Sometimes a
comedian's persona parlays perfectly into a dramatic role adding
depth and pathos into what was before a rather two dimensional act. A
great example of this is Adam Sandler's turn in Paul
Thomas Anderson's Punch Drunk Love.
It was ostensibly the same rage-prone Adam Sandler character that he
got famous for in a bunch of pure comedic movies like Happy
Gilmore and The
Waterboy, but Punch-Drunk
Love got inside it and turned it
the Sandler-persona for one brief shining moment into the stuff of
art.
This
can be said of Melissa McCarthy's turn here in Can You Ever
Forgive Me? I have always
considered her shtick a bit overrated and too dependent on being a
dependable jerk. In Can You Ever Forgive Me?, she
inhabits a role, playing a real life jerk named Lee Israel, that
takes this persona to the logical end of the line and then asks the
audience to consider her nature for more time than a punchline. Their
are moments of subliminity in this movie when you feel like you
really understand her in a new way and, for a brief shining moment,
what floats to the top is the
stuff of art. Melissa McCarthy was nominated for an Oscar for her
work here (her co-star Richard E. Grant was also nominated) and it is
well-deserved.
Lee
Israel was a real person, a writer who specialized in biographies in
the bad old days of New York City. In the early 1990s, after had lost
her last job because of alcoholism, and without friends or family
because she was a jerk, she became desperate. She could not pay the
rent and more dramatically, she couldn't pay the vet costs for her
sole companion, her beloved cat. While
doing research in the library for a book on Fanny Brice nobody
wanted, she serendipitously found a few old letters from the
comedian. She sold one, got some money, but not all that much because
the letter wasn't exciting. She added some caustic wit onto the next
one in a p.s. line. That letter sold for much more. So she started
forging letters in the style of other authors like Dorothy Parker,
Ernest Hemingway, and such.
She
actually did not make all that much money. Still the movie is
fascinating in several procedural ways. It explains quite succinctly
how Lee Isreal made these letters and how she fooled the anitque
dealers. It also makes
apparent Lee Israel's artistic worth.

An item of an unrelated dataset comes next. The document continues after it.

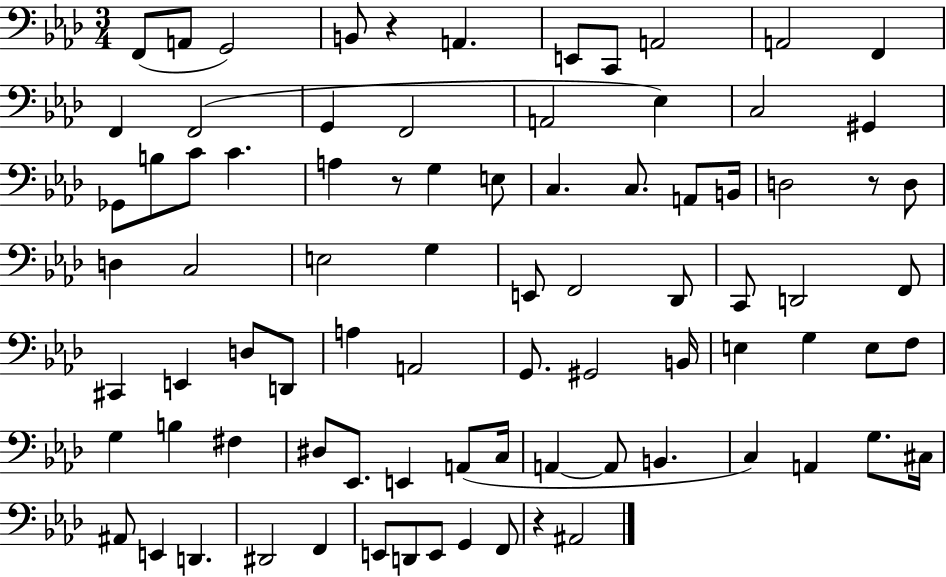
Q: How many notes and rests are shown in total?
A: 84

Nobody would buy her books, but
everyone believes that the letters are real because Israel succeeds
so well in capturing the voices of the authors she is impersonating.
But
most of all, the movie is succeeds in its portrayal of a character at
her lowest gaining some victories however small. Lee Israel is a
miserable person. At the time she embarks on her criminal career she
remeets an acquaintance named Jack Hock, played here by Richard E.
Grant. Jack Hock is absurdly optimistic given his status as a lonely
and penniless queer man. One of the biggest laughs in the movie is
when Jack Hock is revealed to be homeless and speaking about this to
Lee he relates his failures but adds, "I can't say I have any
regrets." "That can't possibly be true," she deadpans.

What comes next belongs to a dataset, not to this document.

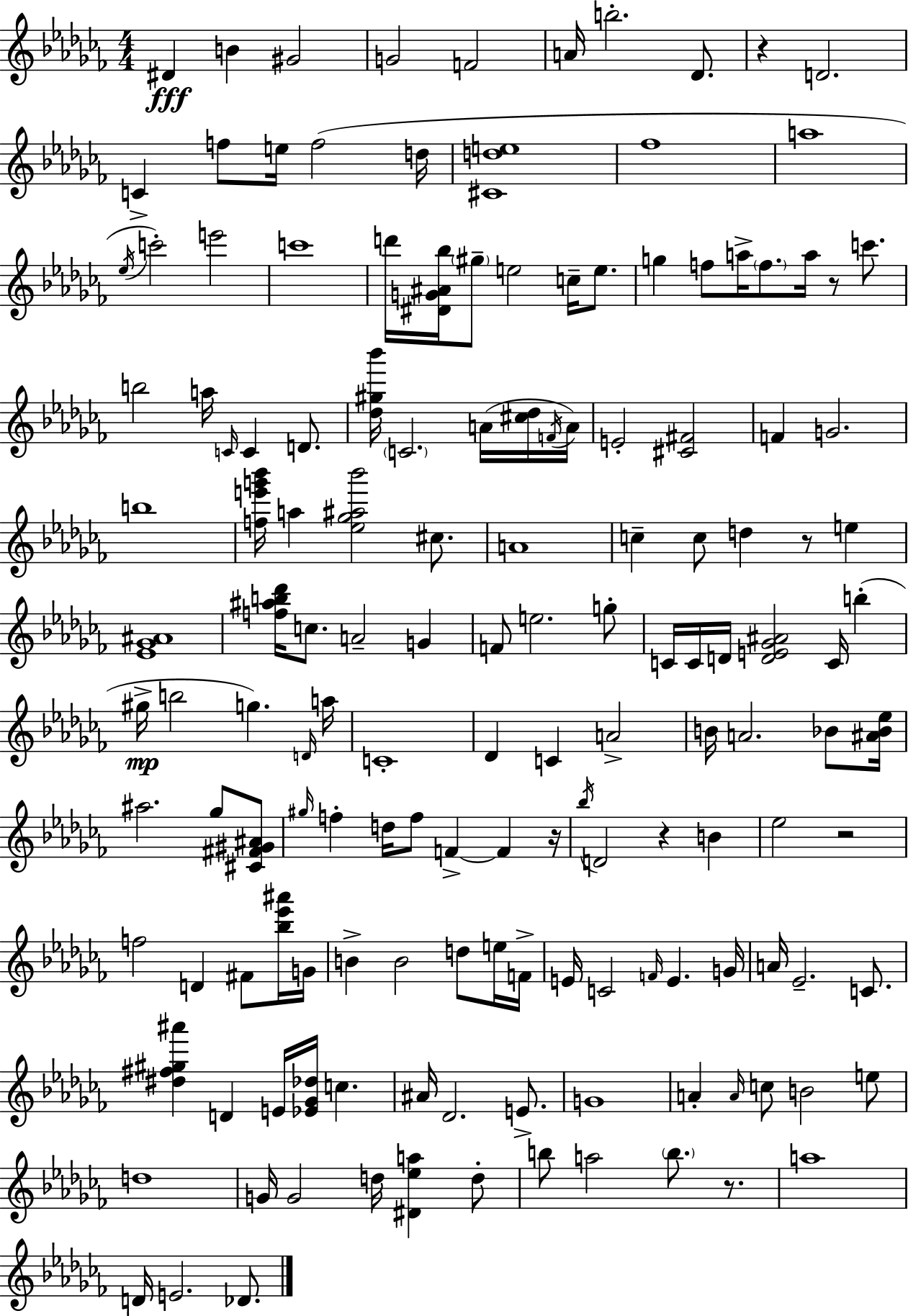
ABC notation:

Jack Hock is so low on the societal totem-pole he seems to be unable
to judge Lee's immoral behavior. This allows him to become her
drinking buddy and every now and again, there is one particularly
sublime moment in a jazz
club, we see Lee Israel relax enough
to the point where she
experiences something along the lines of
happiness.
This
is what the movie does so well. It presents a person that is not
particularly likable, but also does not require the audience to like
them. The movie shows a frank discussion with Lee and her agent
(played by Jane Curtain) in the beginning of the movie and allows the
agent to win the argument as to whether or not she deserves an
advance of money ("You're not famous enough to be an asshole,"

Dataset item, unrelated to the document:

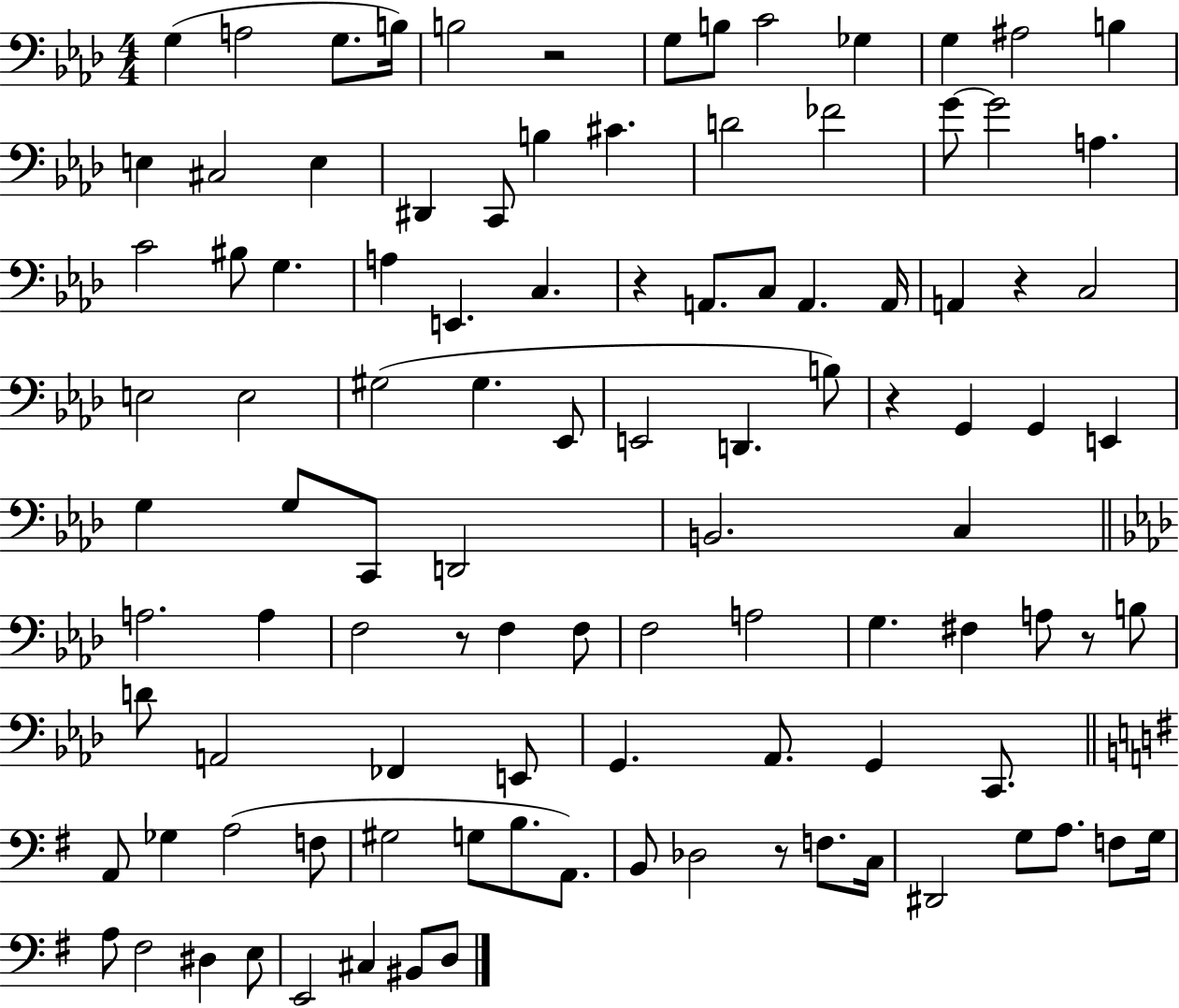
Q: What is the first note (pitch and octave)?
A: G3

her agent explains). However, the movie succeeds in explaining the
character and once a character is explained, it is possible to
empathize with them and her small victories become something the
audience shares in. Courtroom
speeches from guilty defendants are the thing of drama and Can
You Ever Forgive Me? does not
disappoint in this regard. We believe Lee when she states that she
does not regret her actions, that the period in which she was forging
letters and being able to pay the rent and help her cat were some of
the best times in her life and that she had never been more proud of
her work's artistic merit. We also believe her when she admits that
pretending to be someone else is a coward's act, that the true artist
is someone who explores herself, which she has always failed to do.
She is granted parole and we
are glad she doesn't receive a prison term. She is directed to attend
AA meetings, which she doesn't, and we forgive her that as well. She
is too old to change and is not asking anything more from us anyway.
Can You
Ever Forgive Me?, was directed
by Marielle Heller, She previously had made the movie The
Diary of a Teenage Girl, another
movie that took great interest in the overlooked inner world of a
not-so-obvious character. I hope to see more movies from her.